A recent National Bureau of Statistics (NBS) report revealed that out of the vast number of farmers across Nigeria, just a small fraction secured micro-credits or bank loans, with Lagos and Ogun states recording the highest access rates at 26 per cent and 14 per cent, respectively. Overall, only 11 per cent of agricultural communities reported the ability to borrow from banks, with many farmers preferring cooperative organisations for credit due to less stringent collateral requirements.
The low level of bank lending to agriculture is stark when compared to the sector’s importance. In 2023, only about ₦2.26 trillion -roughly 5 per cent of total private sector loans -was extended to agriculture, making it the lowest among Nigeria’s top economic sectors for commercial bank loans.
This undercapitalisation persists despite government interventions such as the Central Bank of Nigeria’s Anchor Borrowers’ Programme, which has supported millions of smallholder farmers but still faces challenges in loan repayment and scale.

Nigeria’s agriculture sector, which employs around 35% of the workforce, is facing significant challenges due to stagnant productivity and unmet food needs. The sector, which spans four sub-sectors: crop production, livestock, forestry, and fishing, faces persistent financing challenges such as insufficient collateral, high interest rates, and limited presence of financial institutions in rural areas. Infrastructural deficits, price volatility, and restricted market access further exacerbate these issues.
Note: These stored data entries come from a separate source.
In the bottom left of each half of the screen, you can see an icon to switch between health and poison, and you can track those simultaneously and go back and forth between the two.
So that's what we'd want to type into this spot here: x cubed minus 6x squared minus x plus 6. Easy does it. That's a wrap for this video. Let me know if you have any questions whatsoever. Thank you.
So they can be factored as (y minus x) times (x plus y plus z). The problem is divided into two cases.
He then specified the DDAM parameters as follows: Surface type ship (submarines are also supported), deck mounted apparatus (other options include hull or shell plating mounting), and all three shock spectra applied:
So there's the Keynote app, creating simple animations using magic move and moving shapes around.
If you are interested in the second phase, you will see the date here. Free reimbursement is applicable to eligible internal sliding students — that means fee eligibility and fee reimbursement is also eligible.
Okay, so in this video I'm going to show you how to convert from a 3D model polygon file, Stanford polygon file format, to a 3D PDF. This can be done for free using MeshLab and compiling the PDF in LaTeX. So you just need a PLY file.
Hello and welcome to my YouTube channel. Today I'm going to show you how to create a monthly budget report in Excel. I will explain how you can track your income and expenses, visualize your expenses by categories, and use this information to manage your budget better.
Despite these challenges, the story is shifting in Lagos and Ogun states, with 26% and 14% of farmers accessing micro-credits in 2022 and nationally. The value of credit to private agriculture jumped from ₦853 billion in Q1 2020 to over ₦4 trillion by Q4 2021. Sterling Bank is transforming this narrative by providing digital solutions, customised financing, and strategic partnerships that empower farmers, boost yields, and strengthen food systems. The bank has developed the Agriculture Finance Value Chain Model (AgFin) through its HEART strategy, which focuses on Health, Education, Agriculture, Renewable Energy, and Transportation. Sterling Bank is investing in entire value chains, not just funding farms but supporting processors, aggregators, and market access.